In a materialized path approach, every node in the tree will have a path attribute, where the full path from the root to the node will be stored. This has the advantage of needing very simple and fast queries, at the risk of inconsistency because of the denormalization of parent/child foreign keys. This can be prevented with transactions.

django-treebeard uses a particular approach: every step in the path has a fixed width and has no separators. This makes queries predictable and faster at the cost of using more characters to store a step. To address this problem, every step number is encoded.

Also, two extra fields are stored in every node: depth and numchild. This makes the read operations faster, at the cost of a little more maintenance on tree updates/inserts/deletes. Don’t worry, even with these extra steps, materialized path is more efficient than other approaches.

Note

The materialized path approach makes heavy use of LIKE in your database, with clauses like WHERE path LIKE '002003%'. If you think that LIKE is too slow, you’re right, but in this case the path field is indexed in the database, and all LIKE clauses that don’t start with a % character will use the index. This is what makes the materialized path approach so fast.
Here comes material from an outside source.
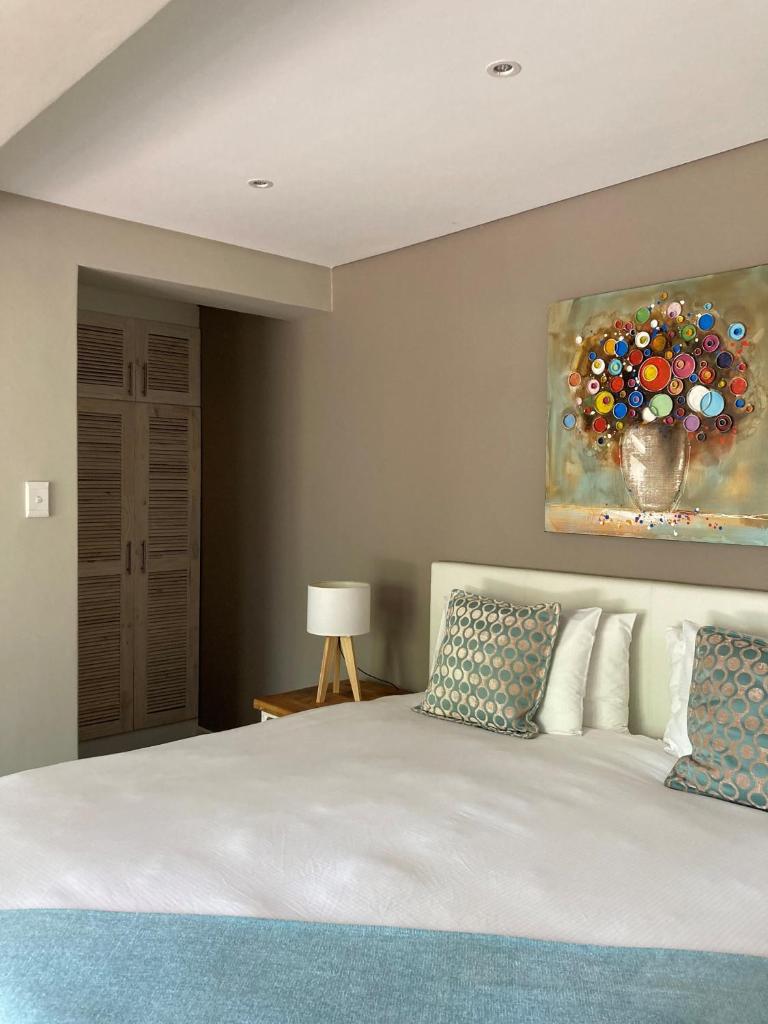 Bloemenzee Boutique B&B photo 2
Inheritance diagram of MP_Node

class treebeard.mp_tree.MP_Node(*args, **kwargs)

Bases: treebeard.models.Node

Abstract model to create your own Materialized Path Trees.

Warning

Do not change the values of path, depth or numchild directly: use one of the included methods instead. Consider these values read-only.

Warning

Do not change the values of the steplen, alphabet or node_order_by after saving your first model. Doing so will corrupt the tree. If you must do it:

  1. Backup the tree with dump_bulk()
  2. Empty your model’s table
  3. Change depth, alphabet and/or node_order_by in your model
  4. Restore your backup using load_bulk() with keep_ids=True to keep the same primary keys you had.

Example:

class SortedNode(MP_Node):
   node_order_by = ['numval', 'strval']

   numval = models.IntegerField()
   strval = models.CharField(max_length=255)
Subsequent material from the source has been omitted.